Il convient donc de faire droit à la demande présentée et de condamner Mme I Z au nom de l’indivision successorale X, à payer au syndicat des copropriétaires la sommes de 39 204,84 au titre des charges impayées du 1er avril 2011 au 27 octobre 2017, avec intérêt à taux légal à compter du présent arrêt.
* Sur la demande de dommages et intérêts en réparation du préjudice matériel subi
Il convient de relever que de 1980 à 2011, aucun charge de copropriété n’a été réclamée aux époux Z/X, que s’il y a un préjudice matériel il résulte grandement de la négligence pendant plus de 30 années du syndicat des copropriétaires lui-même à réclamer les charges dues, et ce, au détriment de la copropriété dont il est pourtant l’émanation.

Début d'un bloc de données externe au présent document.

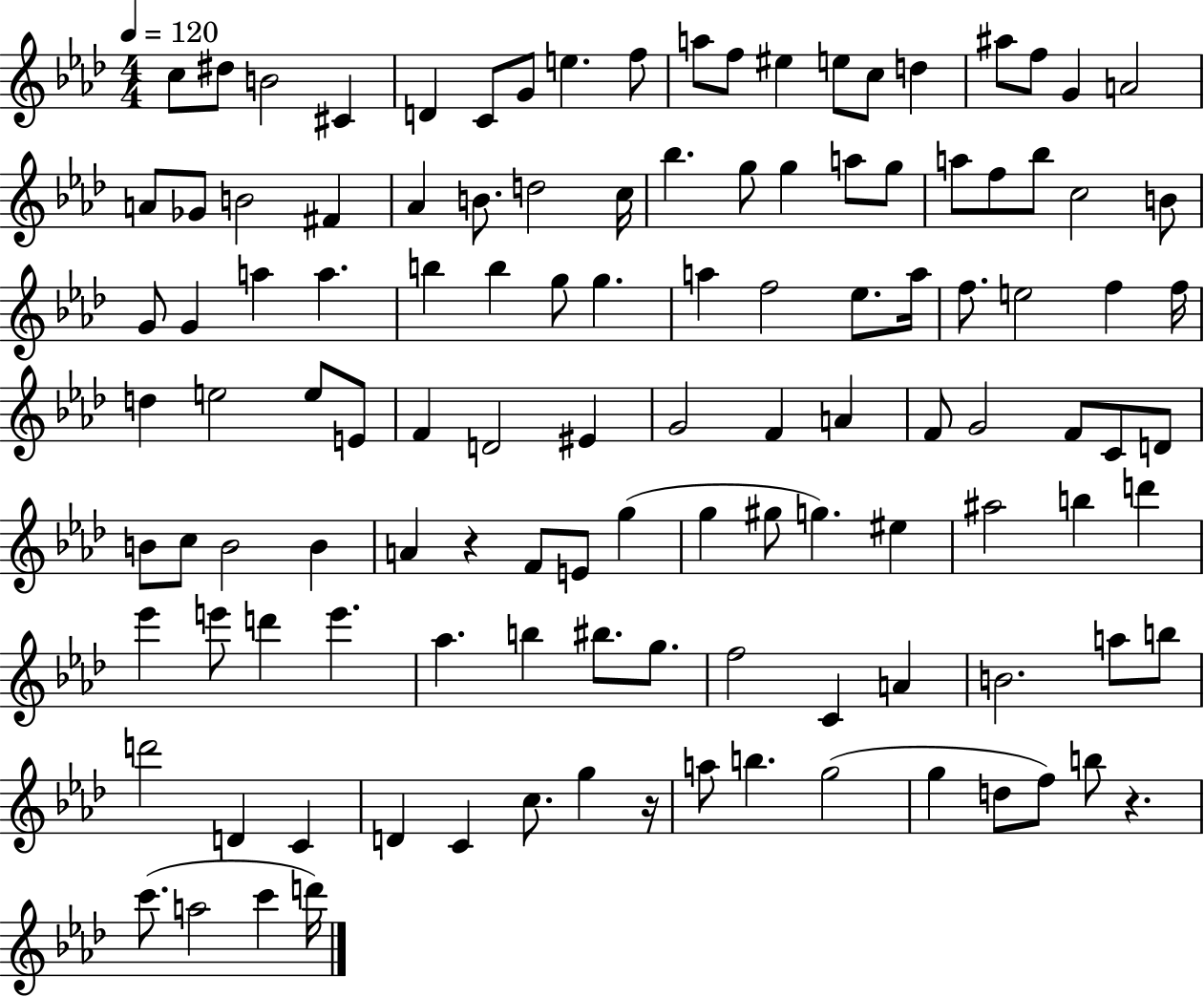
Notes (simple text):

C5/e D#5/e B4/h C#4/q D4/q C4/e G4/e E5/q. F5/e A5/e F5/e EIS5/q E5/e C5/e D5/q A#5/e F5/e G4/q A4/h A4/e Gb4/e B4/h F#4/q Ab4/q B4/e. D5/h C5/s Bb5/q. G5/e G5/q A5/e G5/e A5/e F5/e Bb5/e C5/h B4/e G4/e G4/q A5/q A5/q. B5/q B5/q G5/e G5/q. A5/q F5/h Eb5/e. A5/s F5/e. E5/h F5/q F5/s D5/q E5/h E5/e E4/e F4/q D4/h EIS4/q G4/h F4/q A4/q F4/e G4/h F4/e C4/e D4/e B4/e C5/e B4/h B4/q A4/q R/q F4/e E4/e G5/q G5/q G#5/e G5/q. EIS5/q A#5/h B5/q D6/q Eb6/q E6/e D6/q E6/q. Ab5/q. B5/q BIS5/e. G5/e. F5/h C4/q A4/q B4/h. A5/e B5/e D6/h D4/q C4/q D4/q C4/q C5/e. G5/q R/s A5/e B5/q. G5/h G5/q D5/e F5/e B5/e R/q. C6/e. A5/h C6/q D6/s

La résistance de l’intimée compte tenu de cette inaction pluri-décennale est parfaitement compréhensible et ne saurait justifier l’octroi de dommage et intérêts en réparation d’un préjudice matériel que l’appelant a contribué à créer lui-même.
Il y a lieu de rejeter cette demande et de confirmer le jugement entrepris sur ce point.

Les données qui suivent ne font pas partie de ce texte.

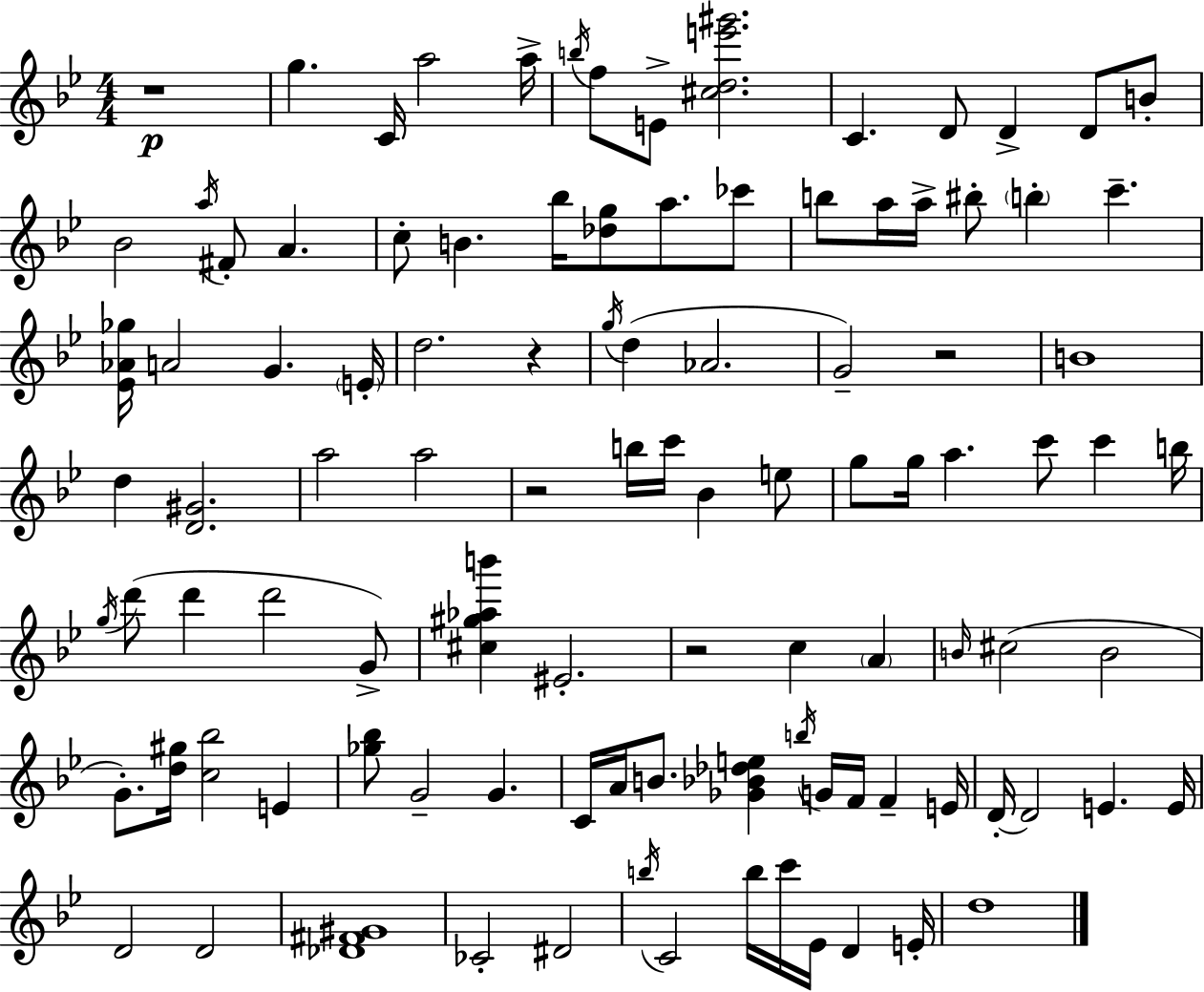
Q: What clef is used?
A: treble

* Sur les demandes fondées sur les dispositions de l’article 700 du code ce procédure civile
S’il est équitable de laisser à la charge de Mme I Z les frais irrépétibles qu’elle a engagés, il n’en va pas de même pour le syndicat des copropriétaires ; en conséquence, il convient de débouter l’intimée de sa demande fondée sur les dispositions de l’article 700 du code de procédure civile et d’allouer, à ce titre, la somme de 5 000 euros à l’appelant.
PAR CES MOTIFS,
LA COUR :
Infirme le jugement entrepris en toutes ses dispositions dont la cour est saisie, à l’exception de celle relative au rejet de la demande de dommages et intérêts en réparation du dommage matériel revendiqué par la Syndicat des copropriétaires de la résidence Les jardins de Carmino à D,
Statuant à nouveau,
Déclare recevable la présente procédure intentée à l’encontre de la seule Mme I Z, en sa qualité de coïndivisaire de l’indivision successorale X,
Rejette l’usucapion revendiquée par Mme I X sur la lot 145 du Syndicat des copropriétaires de la résidence Les jardins de Carmino à D (Corse-du-Sud) dénommé «Villa», pour une surface de 3 141 m²,
Condamne le Syndicat des copropriétaires de la résidence Les jardins de Carmino à D, représenté par son syndic la S.A.R.L. Alpha gest, à restituer la jouissance exclusive, particulière et perpétuelle sur une surface de 3 600 m², dont il manque 405 m² actuellement,
Condamne Mme I Z, en qualité de coïndivisaire de l’indivision successorale X, à payer au Syndicat des copropriétaires de la résidence Les jardins de Carmino à D, représenté par son syndic la S.A.R.L. Alpha gest, une somme de 39 204,84 au titre des charges impayées du 1er avril 2011 au 27 octobre 2017, avec intérêt à taux légal à compter du présent arrêt,
Déboute le Syndicat des copropriétaires de la résidence Les jardins de Carmino à D, représenté par son syndic la S.A.R.L. Alpha gest, du surplus de ses demandes,
Déboute Mme I Z du surplus de ses demandes,
Condamne Mme I Z, en qualité de coïndivisaire de l’indivision successorale X, à payer au Syndicat des copropriétaires de la résidence Les jardins de Carmino à D, représenté par son syndic la S.A.R.L. Alpha gest, une somme de 5 000 euros au titre des dispositions de l’article 700 du code de procédure civile,
Condamne Mme I Z, en qualité de coïndivisaire de l’indivision successorale X, au paiement des entiers dépens, tant ceux de première instance qu’en cause d’appel.